Adapter module for the replicated cache topology using push-based replication.
Features
- Replicated cache topology with eager push-based replication.
- Zero-latency local reads — all data is replicated on every node.
- Writes are applied locally and replicated to all peers via buffered RPC.
- Double-buffered outbox and inbox for high-throughput batched replication.
- "Newer version wins" conflict resolution via wall-clock versioning.
- Optional anti-entropy reconciliation to detect and repair data drift.

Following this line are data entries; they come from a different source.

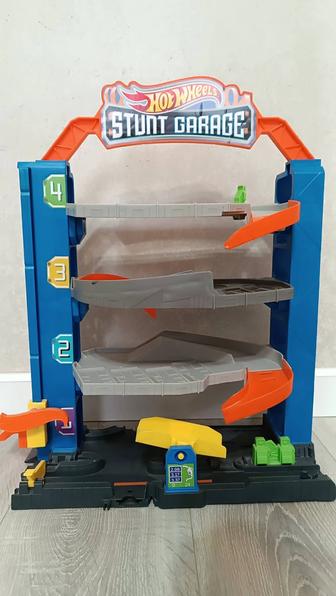 Hot wheels гараж парковка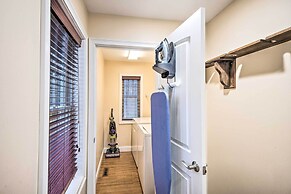 North Conway Home ~ 2 Mi to Cranmore Mountain!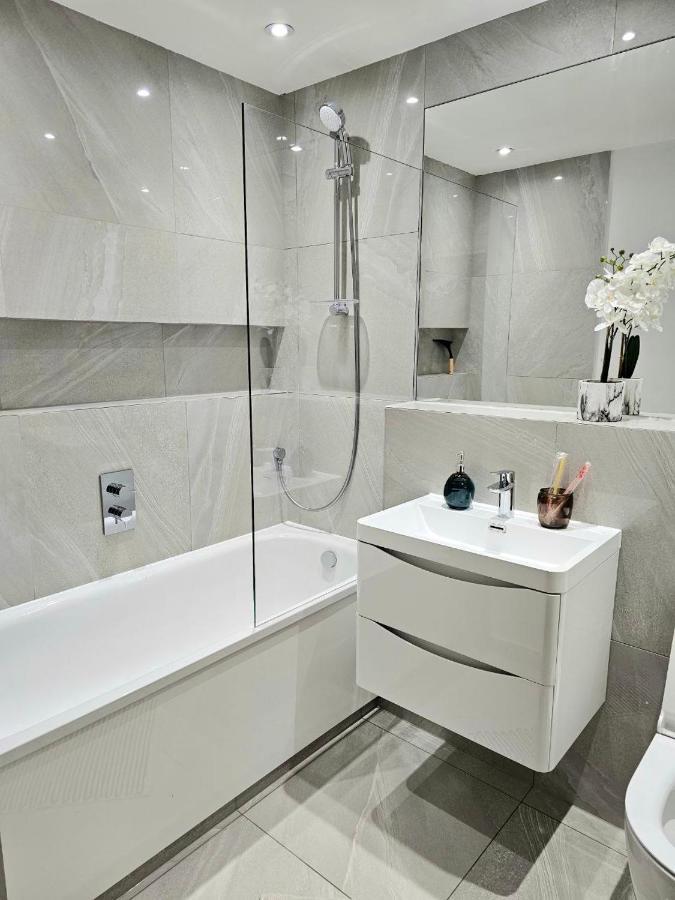C2, Spacious 2 Bedroom Flat In Wembley Appartamento *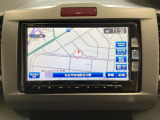 ナビゲーションはフルセグTV、Gathers純正メモリーナビを搭載しています。Bluetoothオーディオ機能がありますので、スマートフォンなどの音楽も再生できます。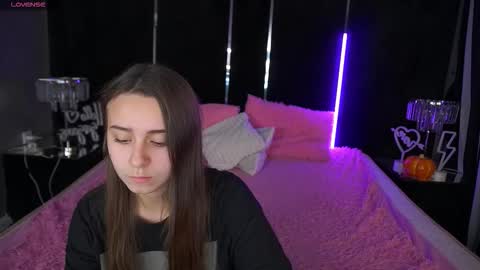 Snapshot of tinynataliee chatting on November 2025 03:13:02 PM tinynataliee online show from November 2025 03:13:02 PM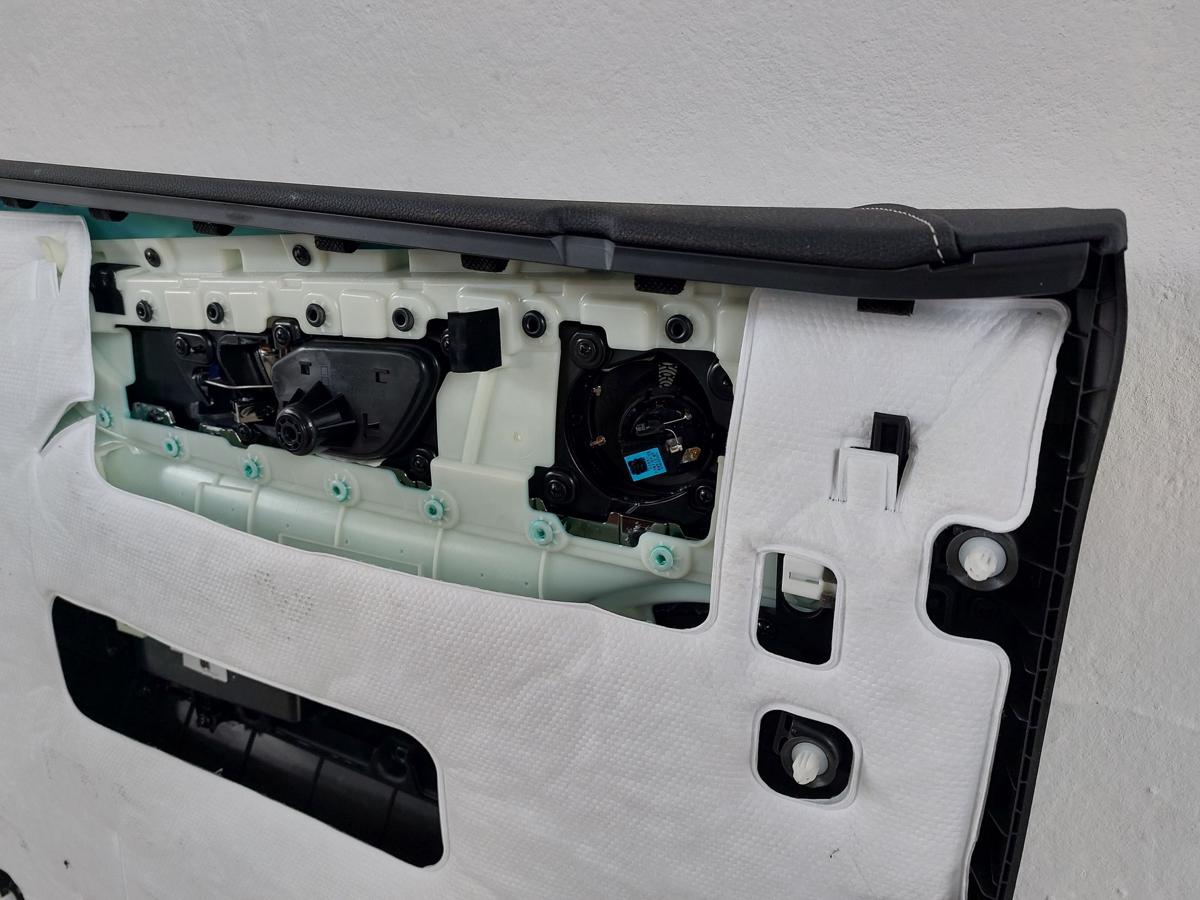 Omoda 5 EV Elektro T&uuml;rverkleidung vorn rechts Innenverkleidung Sony Soundsystem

- Configurable primary storage adapter.
Replicated Cache Topology
The replicated adapter provides an "eager push replication" pattern. Each node maintains its own local cache. Writes are applied locally first, then batched and pushed to all peer nodes via RPC. On the receiving side, an inbox buffer applies remote commands to the local primary cache using "newer version wins" semantics.
Key characteristics:
Local Storage: Each node has a local cache. All read operations are served directly from the local cache with no network overhead.
Push-Based Replication: When a cache entry is modified, the change is buffered in an outbox and periodically pushed to all peer nodes in a single batched RPC call.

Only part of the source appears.